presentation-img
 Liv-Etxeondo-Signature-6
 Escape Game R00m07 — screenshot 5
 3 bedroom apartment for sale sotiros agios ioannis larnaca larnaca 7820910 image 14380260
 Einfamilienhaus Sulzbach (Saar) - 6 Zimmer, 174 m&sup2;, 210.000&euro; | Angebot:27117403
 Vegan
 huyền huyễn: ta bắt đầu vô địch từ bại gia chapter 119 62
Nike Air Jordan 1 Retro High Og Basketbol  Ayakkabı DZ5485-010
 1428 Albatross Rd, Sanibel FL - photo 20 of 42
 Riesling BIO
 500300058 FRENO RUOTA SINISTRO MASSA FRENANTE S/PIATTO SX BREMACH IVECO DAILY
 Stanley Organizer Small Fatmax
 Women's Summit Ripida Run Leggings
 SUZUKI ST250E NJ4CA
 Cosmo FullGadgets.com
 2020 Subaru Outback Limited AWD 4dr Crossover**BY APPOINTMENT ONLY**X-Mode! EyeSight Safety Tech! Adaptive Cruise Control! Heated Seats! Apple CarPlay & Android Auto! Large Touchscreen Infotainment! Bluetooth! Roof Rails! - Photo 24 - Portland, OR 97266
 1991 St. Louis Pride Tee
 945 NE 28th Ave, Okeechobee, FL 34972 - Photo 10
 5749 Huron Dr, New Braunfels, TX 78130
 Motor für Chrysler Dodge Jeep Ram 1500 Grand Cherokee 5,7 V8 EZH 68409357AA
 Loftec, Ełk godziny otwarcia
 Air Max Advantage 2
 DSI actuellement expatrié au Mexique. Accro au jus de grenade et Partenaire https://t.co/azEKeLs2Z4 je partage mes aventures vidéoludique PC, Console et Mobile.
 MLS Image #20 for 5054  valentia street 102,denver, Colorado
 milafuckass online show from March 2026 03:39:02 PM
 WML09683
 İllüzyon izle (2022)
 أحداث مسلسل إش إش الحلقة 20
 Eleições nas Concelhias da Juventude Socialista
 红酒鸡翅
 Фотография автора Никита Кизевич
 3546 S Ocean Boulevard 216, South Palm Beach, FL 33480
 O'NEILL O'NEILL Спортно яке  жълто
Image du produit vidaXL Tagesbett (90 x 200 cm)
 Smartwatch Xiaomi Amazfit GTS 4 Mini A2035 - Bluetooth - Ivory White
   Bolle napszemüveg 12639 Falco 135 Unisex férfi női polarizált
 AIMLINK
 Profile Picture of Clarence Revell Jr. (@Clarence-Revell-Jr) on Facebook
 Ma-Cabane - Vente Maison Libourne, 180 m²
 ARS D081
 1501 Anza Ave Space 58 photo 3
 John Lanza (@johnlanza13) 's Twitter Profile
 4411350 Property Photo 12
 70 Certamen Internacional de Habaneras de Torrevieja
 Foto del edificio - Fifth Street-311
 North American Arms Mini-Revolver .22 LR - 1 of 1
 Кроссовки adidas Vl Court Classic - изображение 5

WORK TO BE COMPLETED:
Reproduce exactly what appears from the line containing "milafuckass online show" down to the final line of the data.

EXERCISE SOLUTION:
 milafuckass online show from March 2026 03:39:02 PM
 WML09683
 İllüzyon izle (2022)
 أحداث مسلسل إش إش الحلقة 20
 Eleições nas Concelhias da Juventude Socialista
 红酒鸡翅
 Фотография автора Никита Кизевич
 3546 S Ocean Boulevard 216, South Palm Beach, FL 33480
 O'NEILL O'NEILL Спортно яке  жълто
Image du produit vidaXL Tagesbett (90 x 200 cm)
 Smartwatch Xiaomi Amazfit GTS 4 Mini A2035 - Bluetooth - Ivory White
   Bolle napszemüveg 12639 Falco 135 Unisex férfi női polarizált
 AIMLINK
 Profile Picture of Clarence Revell Jr. (@Clarence-Revell-Jr) on Facebook
 Ma-Cabane - Vente Maison Libourne, 180 m²
 ARS D081
 1501 Anza Ave Space 58 photo 3
 John Lanza (@johnlanza13) 's Twitter Profile
 4411350 Property Photo 12
 70 Certamen Internacional de Habaneras de Torrevieja
 Foto del edificio - Fifth Street-311
 North American Arms Mini-Revolver .22 LR - 1 of 1
 Кроссовки adidas Vl Court Classic - изображение 5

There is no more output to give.